I tried to encourage her yesterday by showing her videos of Cami, a little girl whose grandmother we know through the AFM parent page. Cami was diagnosed with AFM in 2016 as complete quadriplegic and has made miraculous progress over the years. She is now walking with a KAFO (no walker). Her story is so inspiring to me and I was hoping it would be for Annadelle, too.

I showed her videos of Cami at Disney World, dancing with her dad and grandmother. Annadelle loved the design on Cami’s KAFO and kept asking if we could fly out to meet her. “We can see Matthew, too!” she said.

Speaking of Matthew, he is undergoing nerve transfer surgery this week in St. Louis with Dr. Moore. Please keep our extended family (Frances, Mike, and Matthew) in your prayers!

I have actually been questioning whether or not we made the right decision to skip out on a nerve transfer. I don’t think her arms need it, as she is continually making great progress with both arms, but I think at least one leg needs some help. Chris is absolutely adamant that we do not proceed with a nerve transfer so the topic has been a source of conflict for us. Chris says that the research will say something like, “7 of 10 patients with nerve transfers showed progress”, but it won’t include any information about the other 3 patients or even progress of patients without nerve transfers. There was a series of podcasts from the TMA about nerve transfers that featured Dr. Amy Moore, the physician we consulted with about nerve transfers, but I did not listen to them. I felt like it would be a biased conversation and our experience with Dr. Moore’s office left a bad taste in my mouth. I felt like we were just a number, and our decision not to do the surgery wasn’t even a second thought from their office. I guess had we at least received a call from Dr.

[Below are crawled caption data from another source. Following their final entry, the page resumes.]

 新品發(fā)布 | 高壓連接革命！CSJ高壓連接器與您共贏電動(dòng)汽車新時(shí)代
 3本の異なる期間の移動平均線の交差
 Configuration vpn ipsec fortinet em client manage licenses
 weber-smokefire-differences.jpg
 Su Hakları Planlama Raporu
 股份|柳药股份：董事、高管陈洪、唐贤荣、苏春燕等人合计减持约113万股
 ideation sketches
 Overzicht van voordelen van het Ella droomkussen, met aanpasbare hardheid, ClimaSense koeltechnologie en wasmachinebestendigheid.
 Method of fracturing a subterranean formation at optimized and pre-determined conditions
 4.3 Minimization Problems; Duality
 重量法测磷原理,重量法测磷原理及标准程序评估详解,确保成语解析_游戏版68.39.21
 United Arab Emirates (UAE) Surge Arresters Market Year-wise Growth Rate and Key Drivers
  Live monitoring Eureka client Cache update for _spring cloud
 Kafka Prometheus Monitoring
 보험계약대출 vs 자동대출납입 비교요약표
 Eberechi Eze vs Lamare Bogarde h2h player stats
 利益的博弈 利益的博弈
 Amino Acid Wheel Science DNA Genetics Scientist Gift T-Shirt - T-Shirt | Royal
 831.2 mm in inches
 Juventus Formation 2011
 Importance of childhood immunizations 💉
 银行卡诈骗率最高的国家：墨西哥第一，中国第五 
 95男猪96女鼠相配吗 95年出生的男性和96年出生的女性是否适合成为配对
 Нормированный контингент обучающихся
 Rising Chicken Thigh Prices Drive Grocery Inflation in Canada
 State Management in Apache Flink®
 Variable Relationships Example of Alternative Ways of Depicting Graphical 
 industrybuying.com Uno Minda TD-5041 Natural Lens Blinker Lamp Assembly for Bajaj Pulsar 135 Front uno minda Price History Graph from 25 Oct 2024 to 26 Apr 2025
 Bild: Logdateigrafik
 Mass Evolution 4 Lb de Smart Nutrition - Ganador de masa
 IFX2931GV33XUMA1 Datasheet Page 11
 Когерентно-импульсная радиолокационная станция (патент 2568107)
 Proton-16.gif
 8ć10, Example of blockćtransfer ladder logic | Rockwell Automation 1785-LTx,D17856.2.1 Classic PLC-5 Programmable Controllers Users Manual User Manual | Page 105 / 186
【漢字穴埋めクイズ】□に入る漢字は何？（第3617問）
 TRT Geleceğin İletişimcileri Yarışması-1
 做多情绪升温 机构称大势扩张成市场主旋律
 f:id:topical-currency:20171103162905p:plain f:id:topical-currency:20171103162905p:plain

Moore, we may have reconsidered, but overall we just did not feel comfortable with it at the time.

I have been reading on nerve decompression lately, but don’t know enough to really talk about it. It might be an option in the future. I would have to do more research to give more information.

Anyway, I say all that because I’m obviously struggling. Emotionally. Financially. Spiritually. I’m on the struggle bus. I could really use some prayers.

I’d also like to ask that you pray for Annadelle, for complete healing for her and for us to see progress in her legs.